Tuesday 13 February 2007

Its happening

The recent developments
IPCC report.
500th CDM project registered.
Carbon credit Exchange in china.
my observation - a huge jump in intensity of articles related to climate change and Kyoto.
The number of articles with some critical views on Kyoto and CDM have also risen in numbers. Last two days I saw two of them; Crib over HFC -23, CDM is useless in business standard. I tried to discuss the issue of HFC23 on orkut forum and my dear friend Manpreet Singh summarised it very clearly

"The fact of the matter however is that HFC is a major green house gas with an enormous Global Warming Potential....So need to curb those emissions anyway....if not through CDM then i guess by law....just like Montreal banned CFCs...Kyoto or another new protocol should ban release of HFCs without thermal oxidation in refrigerant industry.....CDM gave an incentive....a huge incentive for these guys to curb these emissions.....so it might have resulted in a flood of carbon credits but the fact is those emissions have been minimised....There could have been ways to actually cap the credits from such projects in order to give them only the incentive that they deserve and not become a free rider....."
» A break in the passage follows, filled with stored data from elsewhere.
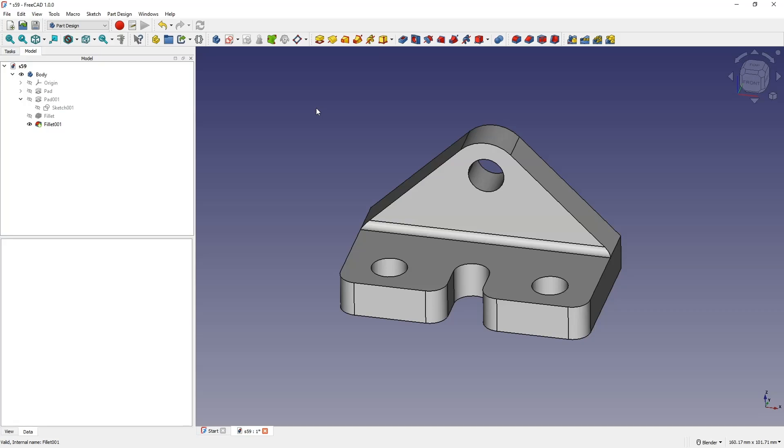Hi, this is CAD CAM Lessons channel and in this video, I will show you how to design such a part in FreeCAD.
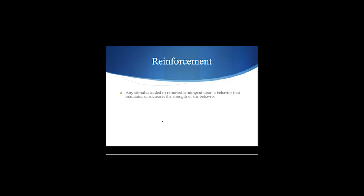Simple definition right off the bat: any stimulus added or removed — make sure you understand that part, added or removed — contingent upon a behavior that maintains or increases the strength of the behavior.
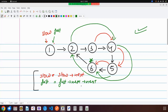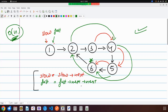Now you understand how the algorithm works. Let's code it. This algorithm runs in O(n) time complexity. Because of the cycle, we will detect it within O(n) time. If there is no cycle, after O(n) time the while loop will stop.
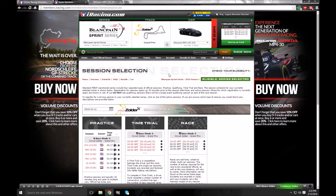I'm just going to show you real quick how to load up a setup that you've got off the forums. I know many of you will be able to do this, but for anyone new that's watching, it can be a little bit confusing if you've just started out and you're not really sure what you're doing.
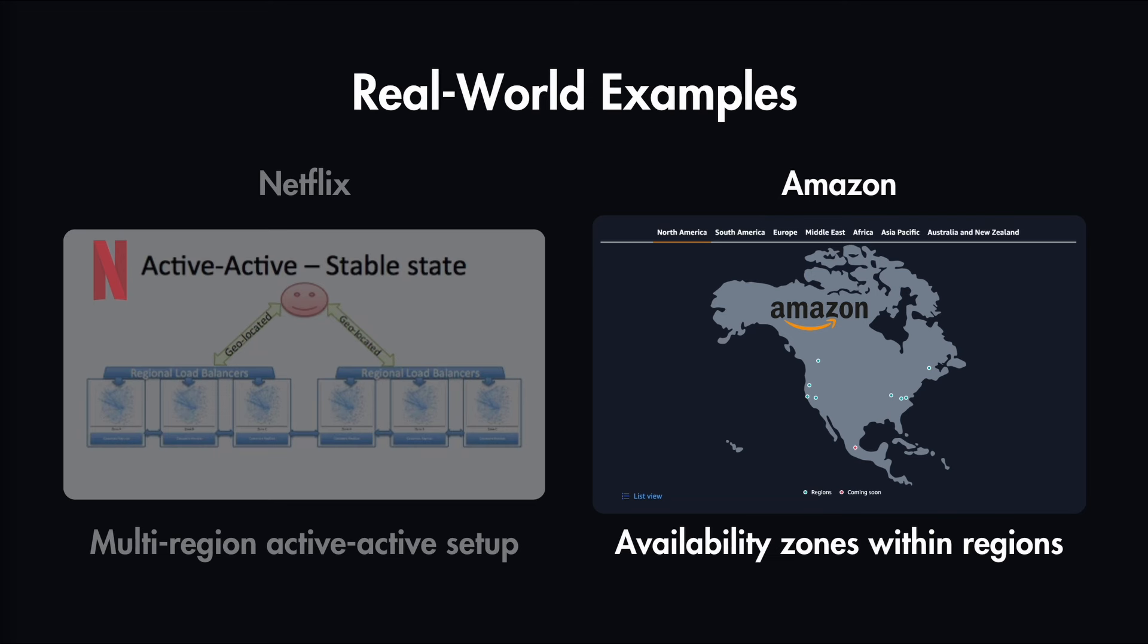This availability zone is one or more data centers with redundant power, networking, and connectivity in an AWS region. This is why using AWS regions is more scalable than a single data center.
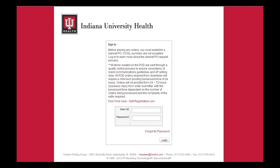Hello and welcome to the IU Health Print On Demand training. In this video we will explain what the Print On Demand system is and how it can be used for your printing needs.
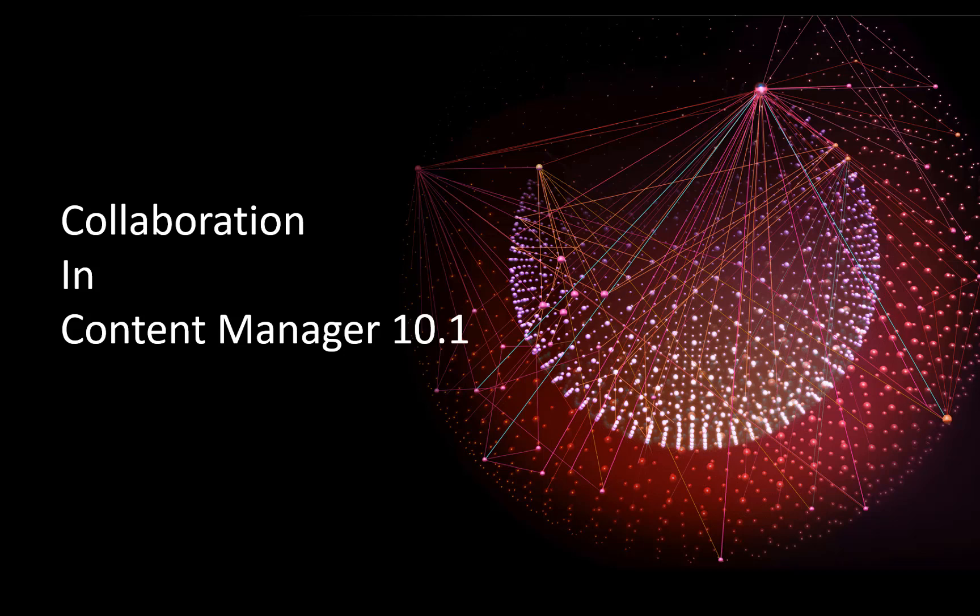This video will cover how content can be shared for collaboration in Micro Focus Content Manager version 10.1. Content Manager offers both the ability to share documents using Content Manager capabilities and to integrate with Microsoft applications to support collaboration on those popular platforms.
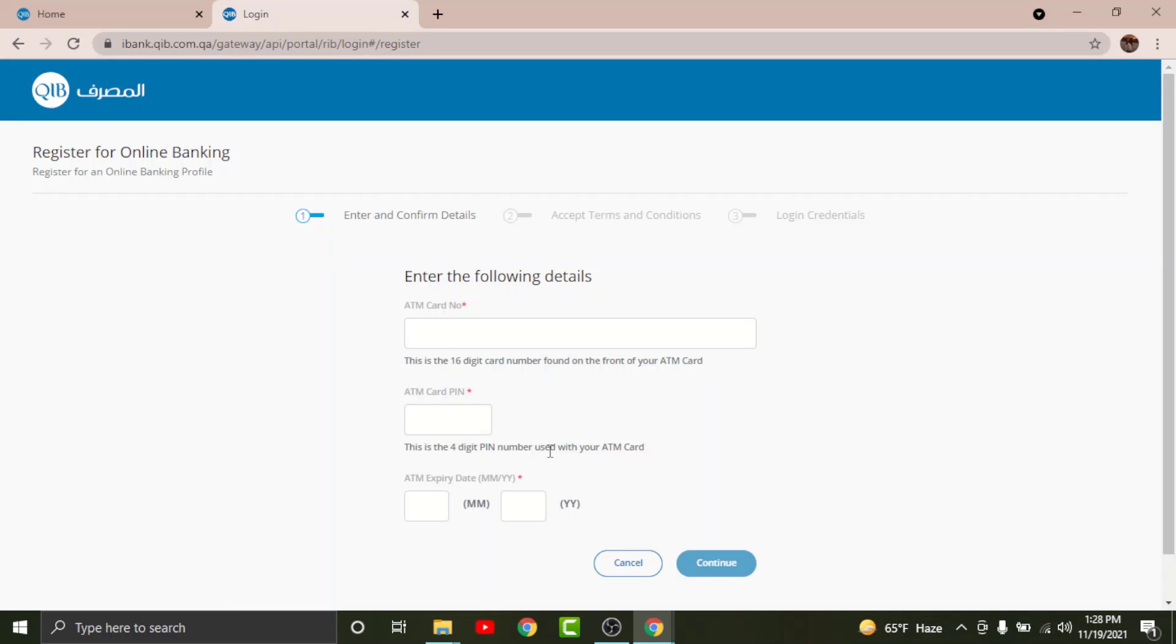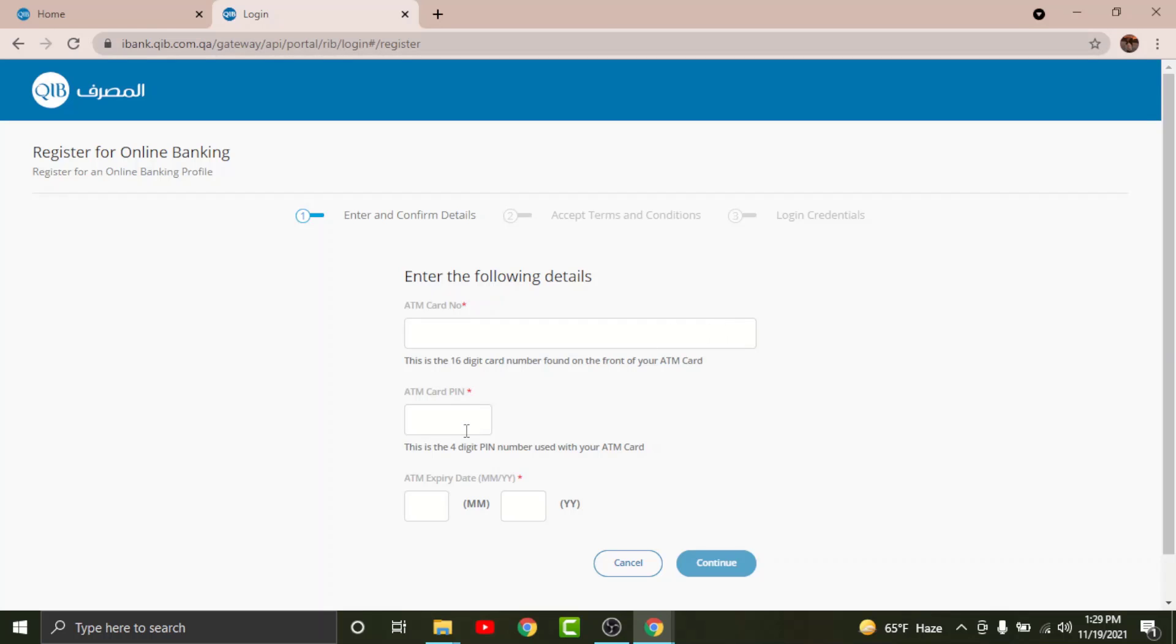You will land on an interface where you have to enter and confirm your account details. To get started with the registration process, enter your 16-digit ATM card number in the text field, then enter your ATM card PIN (usually four digits), and also enter your ATM card expiry date. Once done, tap Continue.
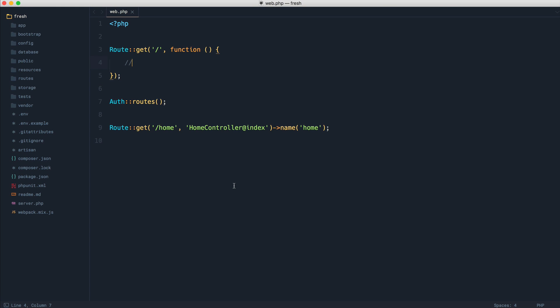Prior to Laravel 5.5, if something went wrong or something couldn't be found, we saw a pretty ugly error page.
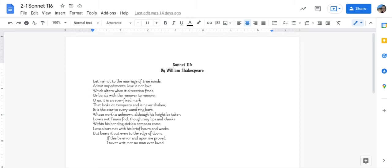Before I read Sonnet 116, there are some things I want you to pay attention to as we read. I want you to pay very close attention to the lines that include: Love is not love, which alters when an alteration finds. What does alter and alteration mean in these lines? What is this line emphasizing about love?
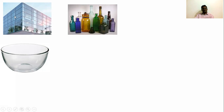Here are some examples of glass applications: this is a building facade, this is an elevation of a building and a bowl, and these are bottles made of glass.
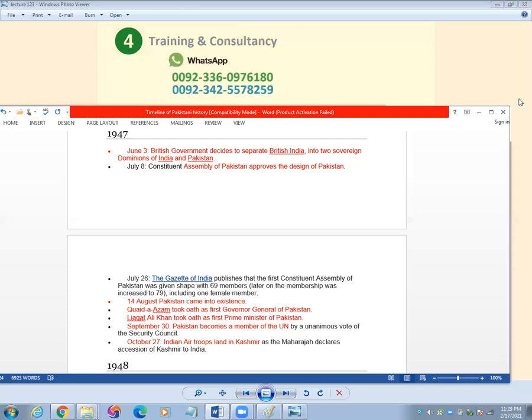14 August, Pakistan came into existence. Quaid-e-Azam took oath as first governor general of Pakistan.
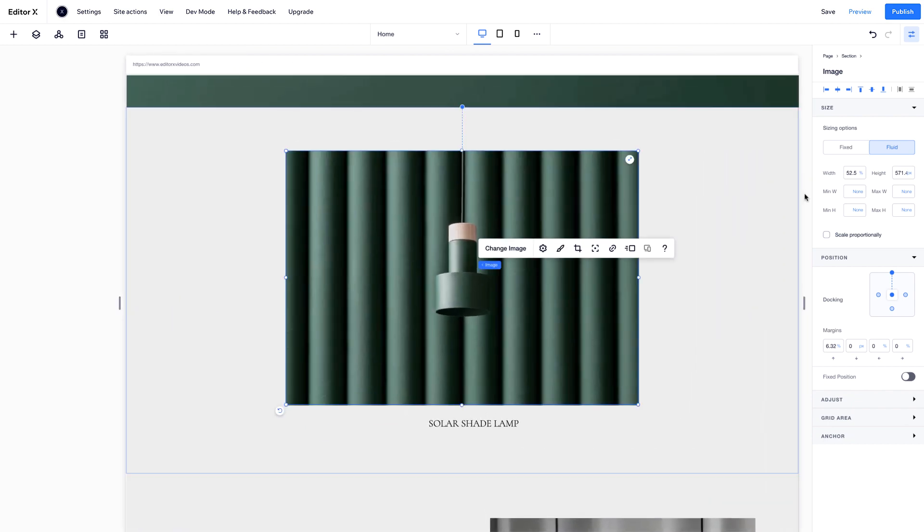When it comes to how an element is measured, you have four different units. Pixels, percent, which is a percentage of the element's parent container, and VH and VW, which are percentages of the viewport height and width.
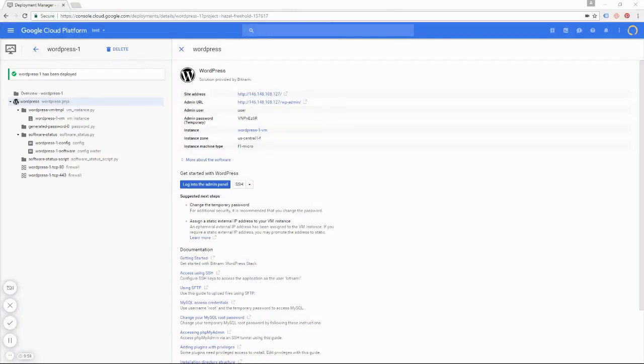Hello everyone, it's Joe from OnePageZen.com and in this tutorial I'm going to show you how to move over your existing WordPress website onto your new Google Cloud Platform instance.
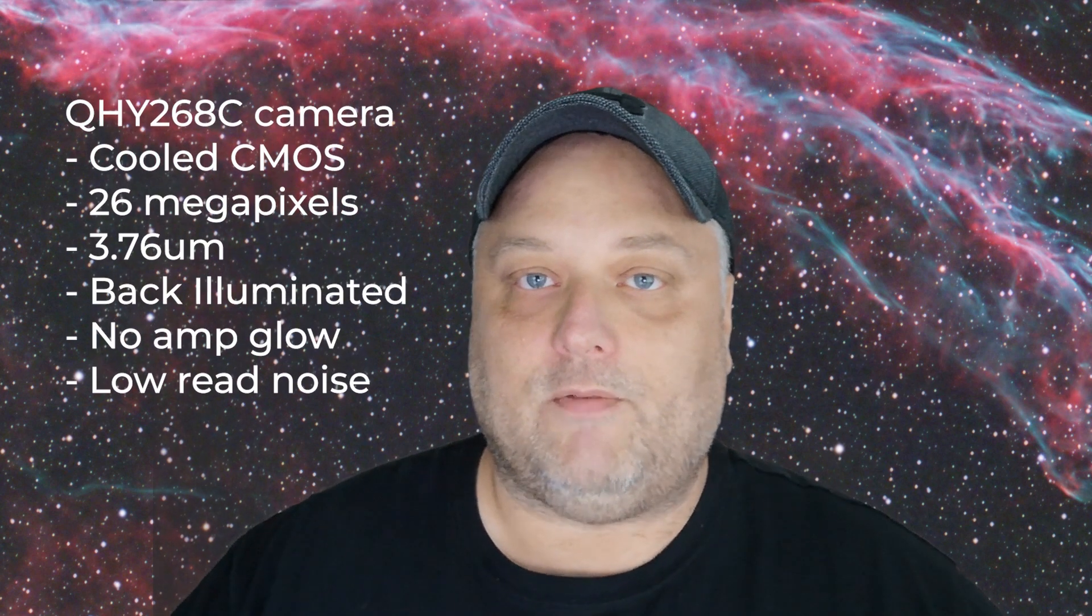I've put a link in the description below for both the QHY 268C and the Optolong L-Extreme. If you're looking for a new camera or a new filter, or you're looking for both, definitely check these two out. Really really good products, they're new and they're working phenomenally for astrophotographers.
The point is very clear, the CDM board is constituted by learned people from different spheres and every methodology undergoes various stages of check and revisions before becoming eligible for use by project proponents. Moreover all these methodologies are open to discussions and clarifications. So the people who crib about this should learn that global warming is reduced by lowering such emissions.

Although I do agree with portion of second article which says, the need is to redesign CDM so as to see where can it e used effectively for actual development. Although we need not take any emission targets in near future, developing countries have been emitting decades before we even started any considerable fossil firing. There definitely is need to structure a policy to enable justified usage of carbon generated funds.

Thursday 8 February 2007

Why not India?

I hope most of you came across news articles such as these "China to set up Asia's first carbon-credit exchange", which made waves a few days ago.

The whole thing will be estalished by financial backing from Arcelor Mittal. The moment I read this the first thing that came across was why not India?